Lau, 50, who is single, enjoyed working on the project, though his first reaction when asked to resurrect the character after 13 years was: "No way. He's in retirement now, let him stay there." What changed? "I don't see what I do as art. It's a form of social commentary," he says. "I feel like Mr Kiasu can play a different role now. He can help to disseminate positive messages in a non-government way."
Fans of Mr Kiasu need not worry that the avaricious, bespectacled character has changed much. All "positive messages" are buried in the subtext and helpful end-notes of this latest adventure, in which Mr Kiasu seeks to win fame on Facebook, keep an important date with his girlfriend and stay out of trouble at work.

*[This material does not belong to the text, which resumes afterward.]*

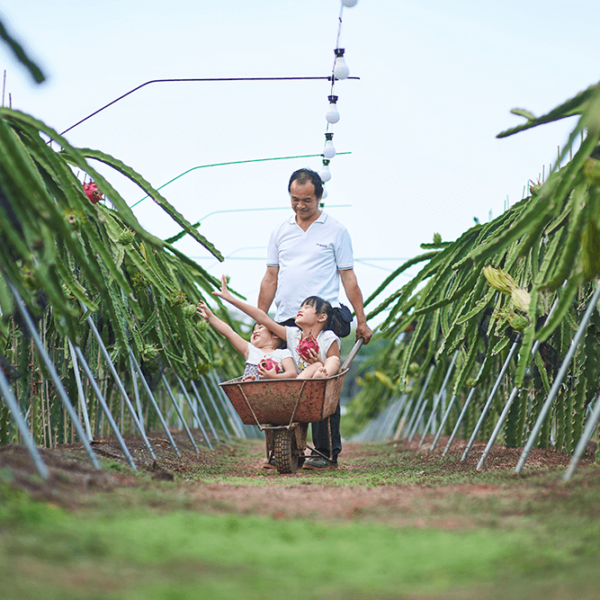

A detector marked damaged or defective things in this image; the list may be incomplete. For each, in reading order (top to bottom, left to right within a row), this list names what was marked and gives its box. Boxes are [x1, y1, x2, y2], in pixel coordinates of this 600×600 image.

The toon was originally created in 1990 by Lau with his National Service pal James Suresh - who left the comic in 1996 - plus illustrator Lim Yu Cheng. Mr Kiasu won Singaporeans' hearts with his must-grab-it-all attitude and 11 comic books published by the partners' Comix Factory company topped bestseller lists here.
Mr Kiasu also featured in advertisements for McDonald's as well as a TV series in 2001, starring Chew Chor Meng. However, licensing did not yield the economic rewards the partners hoped for. The merchandising company they set up was reportedly $300,000 in debt by 1998.
From 2006 to last year, Lau was creative director for Gallery Hotel and worked with the then Ministry of Information, Communications and the Arts to invite young designers from around the world to Singapore to redesign hotel rooms under the Creative Youth Xchange programme.